§ **Task input**
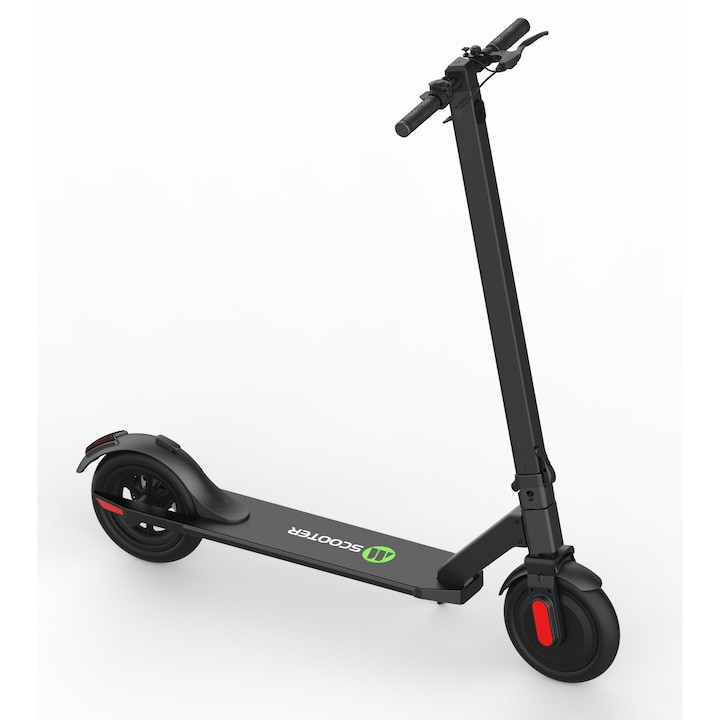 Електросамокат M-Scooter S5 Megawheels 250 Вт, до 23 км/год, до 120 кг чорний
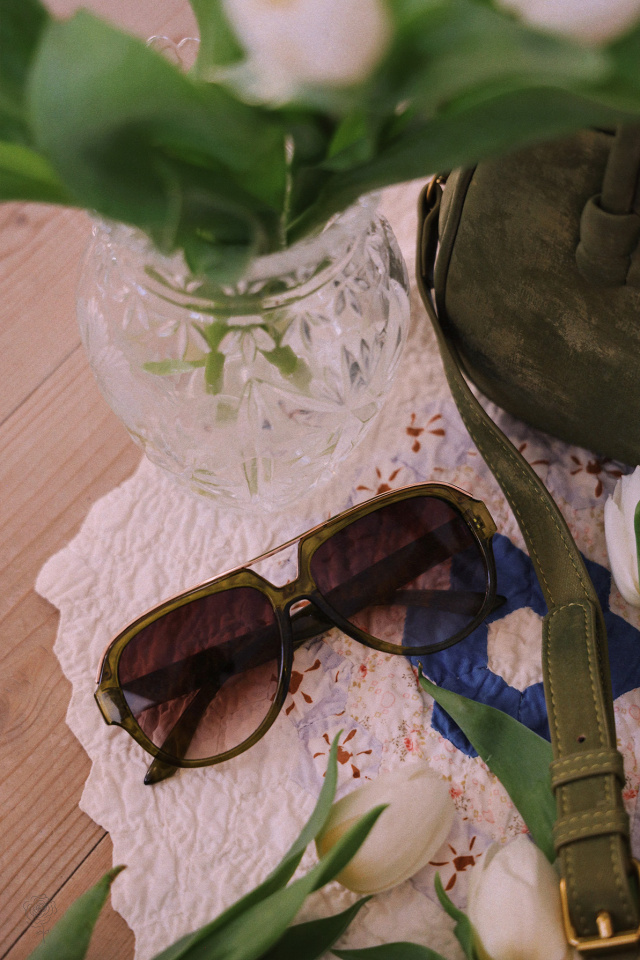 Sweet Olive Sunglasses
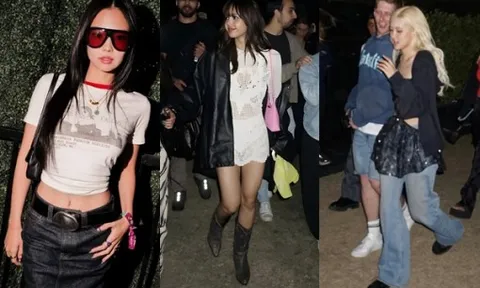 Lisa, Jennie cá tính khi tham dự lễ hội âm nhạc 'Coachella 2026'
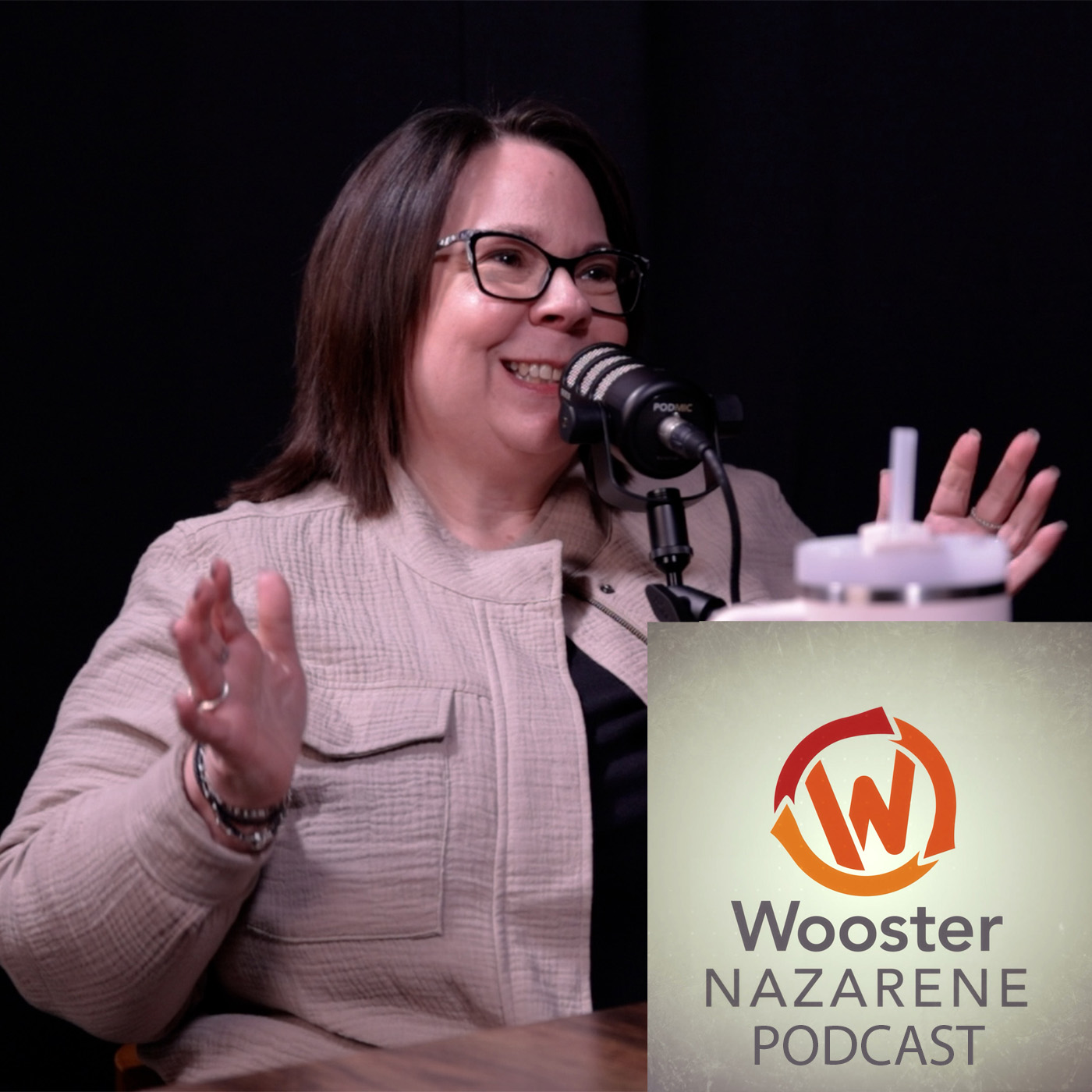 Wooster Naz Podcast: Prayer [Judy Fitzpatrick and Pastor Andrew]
--
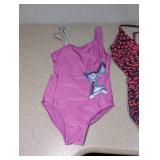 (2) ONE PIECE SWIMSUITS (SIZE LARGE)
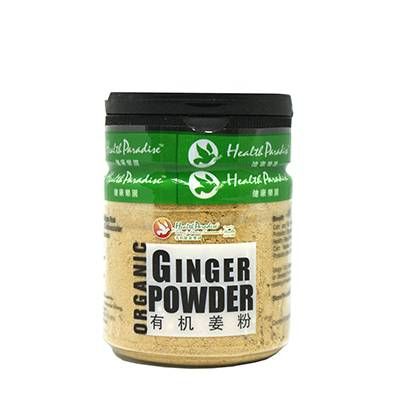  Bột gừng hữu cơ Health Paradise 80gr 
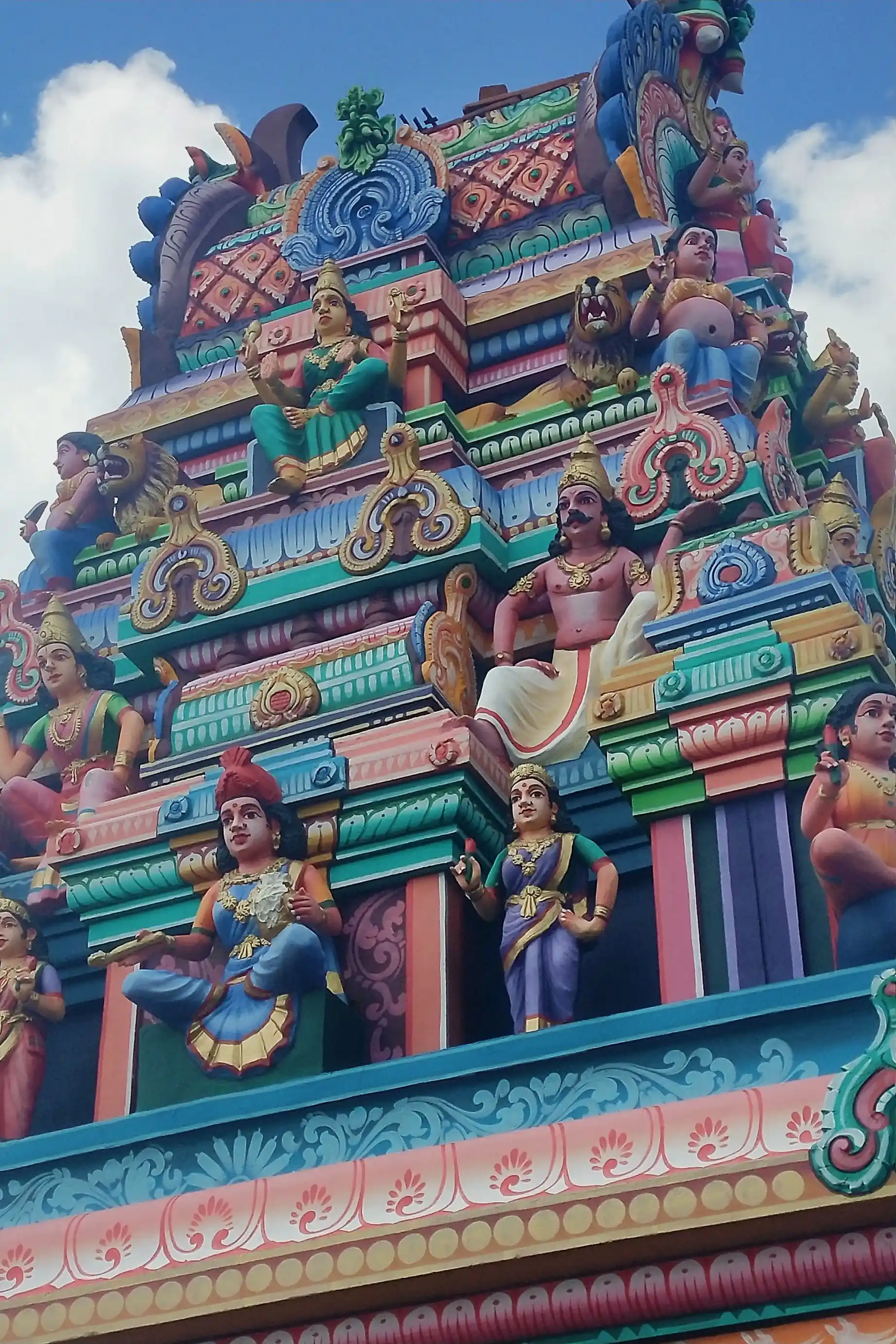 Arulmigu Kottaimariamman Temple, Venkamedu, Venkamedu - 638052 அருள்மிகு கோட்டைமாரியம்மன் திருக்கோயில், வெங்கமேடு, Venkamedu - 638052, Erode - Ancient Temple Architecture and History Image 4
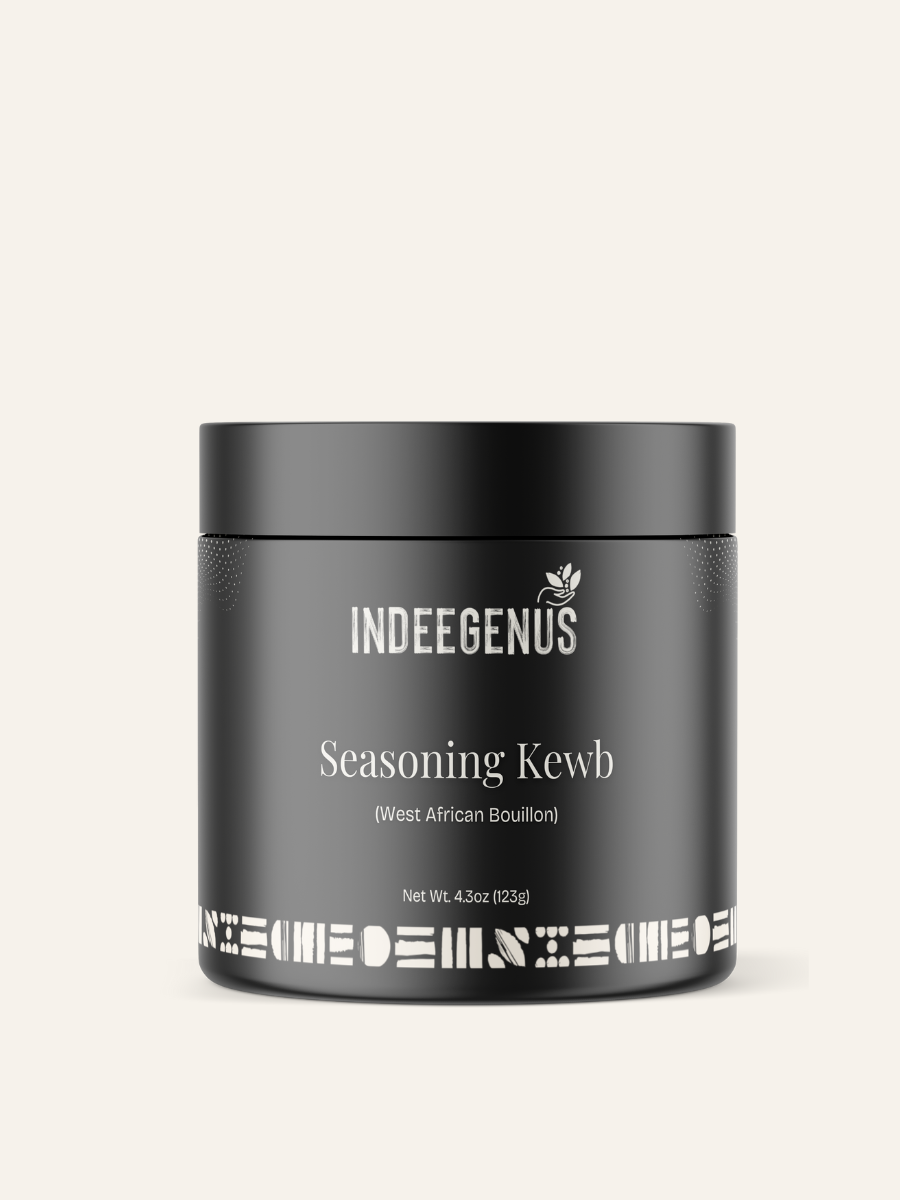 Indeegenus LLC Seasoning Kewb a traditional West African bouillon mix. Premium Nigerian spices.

§ **Try it**
Using the listing above, reproduce word for word every line from the one containing "Електросамокат M-Scooter S5" through the one containing "Wooster Naz Podcast: Prayer". Pictures must be left out.

§ **Answer box**
 Електросамокат M-Scooter S5 Megawheels 250 Вт, до 23 км/год, до 120 кг чорний
 Sweet Olive Sunglasses
 Lisa, Jennie cá tính khi tham dự lễ hội âm nhạc 'Coachella 2026'
 Wooster Naz Podcast: Prayer [Judy Fitzpatrick and Pastor Andrew]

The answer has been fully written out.